• _Given records_

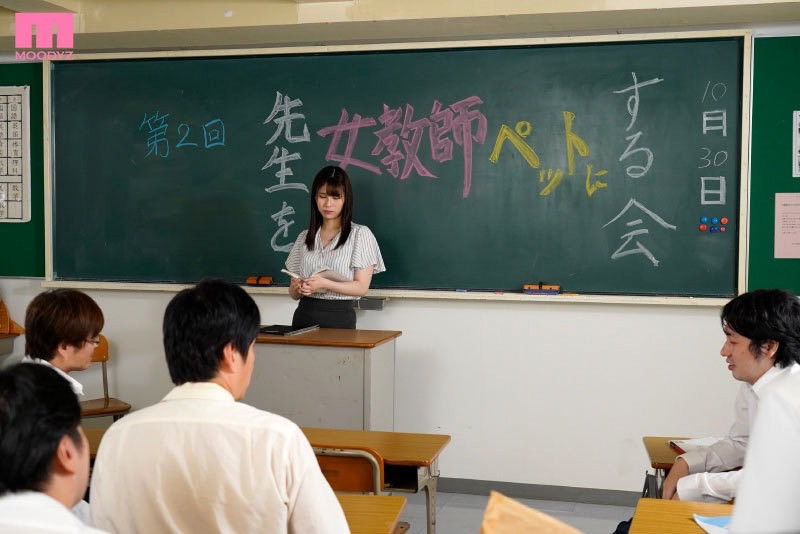 教學相長！ E罩杯清純巨乳美少女「一宮希帆」最新作演出女教師慘遭多名問題學生玷污！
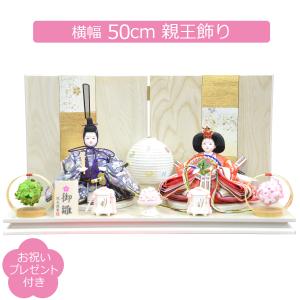 市松人形 工房松寿 小出松寿 13号 金彩京刺繍 : 人形の三信 - 通販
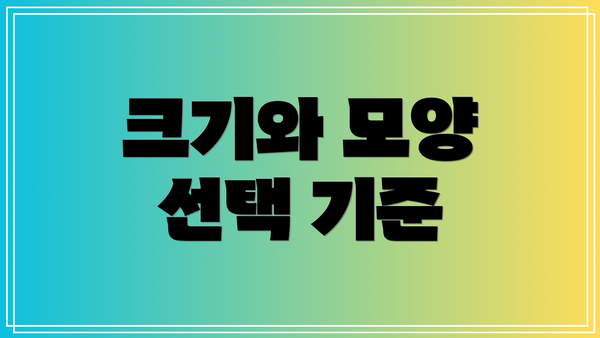 크기와 모양 선택 기준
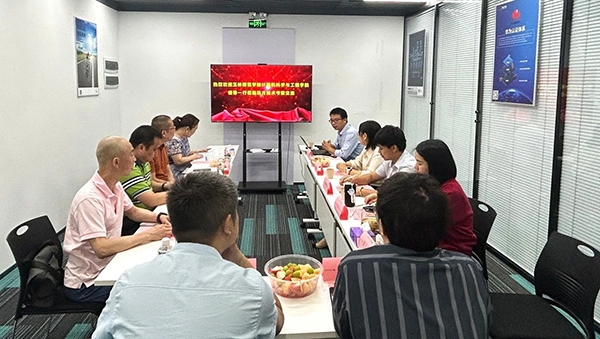 NLC电子(中国)集团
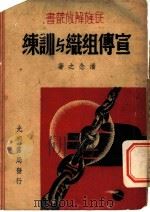 宣传组织与训练（1938 PDF版）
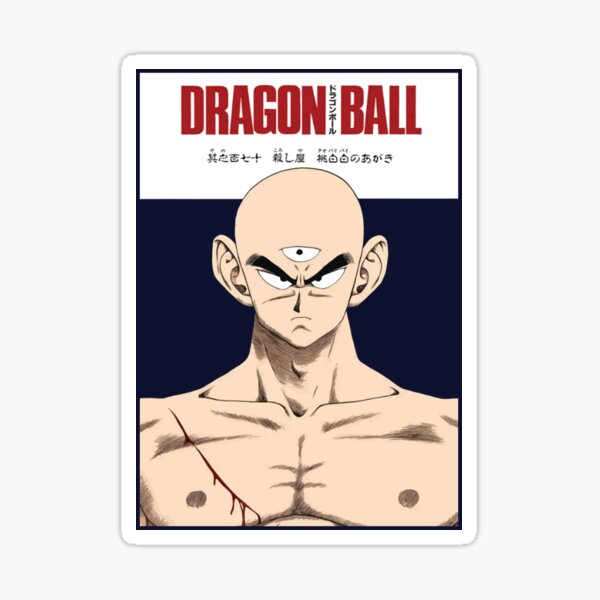 "Tien | Tenshinhan | Dragon Ball | Manga Cover | Art" Sticker for Sale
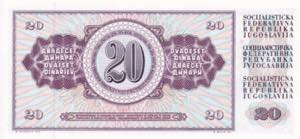 Yugoslavia, 20 Dinars, 1978, UNC, ... 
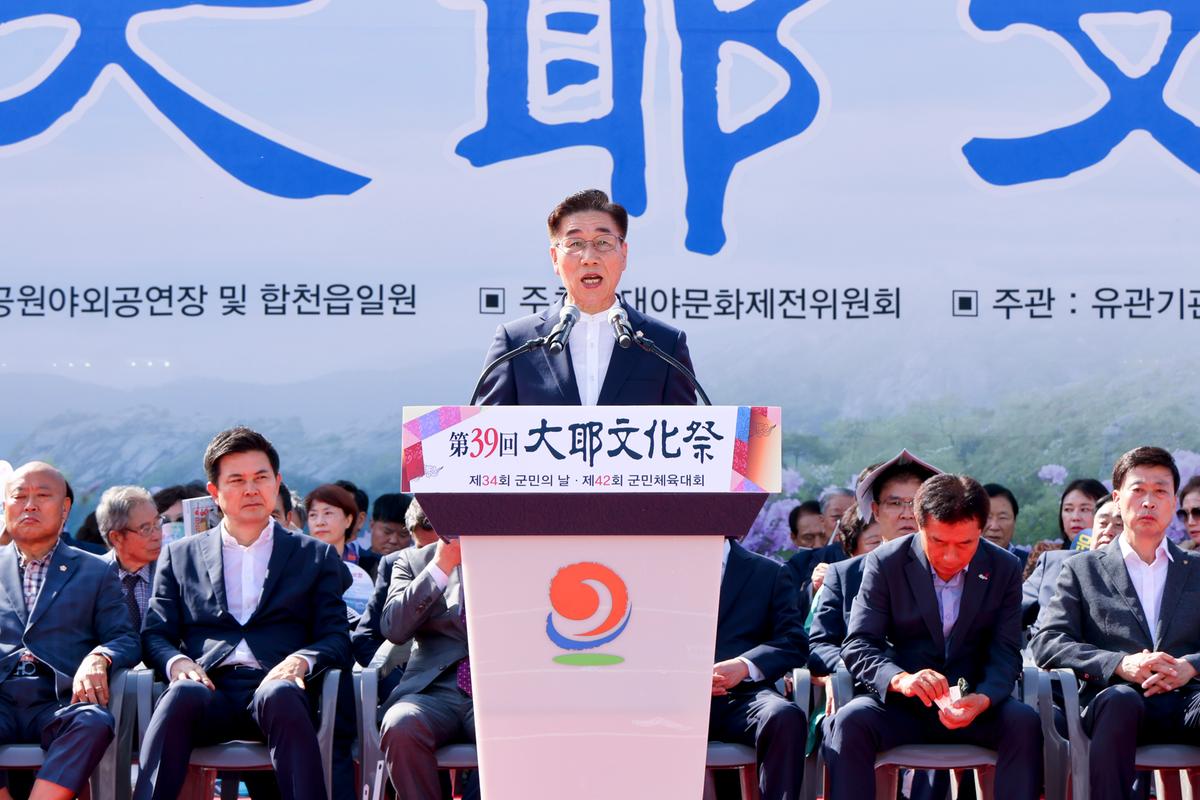 제34회 군민의 날 제24회 군민체육대회 제39회 대야문화제 서막식2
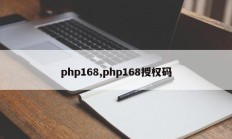 php168,php168授权码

• _Description of the task_
Please set down every line of the data above precisely, dropping the images.

• _Solution for this exercise_
 教學相長！ E罩杯清純巨乳美少女「一宮希帆」最新作演出女教師慘遭多名問題學生玷污！
 市松人形 工房松寿 小出松寿 13号 金彩京刺繍 : 人形の三信 - 通販
 크기와 모양 선택 기준
 NLC电子(中国)集团
 宣传组织与训练（1938 PDF版）
 "Tien | Tenshinhan | Dragon Ball | Manga Cover | Art" Sticker for Sale
 Yugoslavia, 20 Dinars, 1978, UNC, ... 
 제34회 군민의 날 제24회 군민체육대회 제39회 대야문화제 서막식2
 php168,php168授权码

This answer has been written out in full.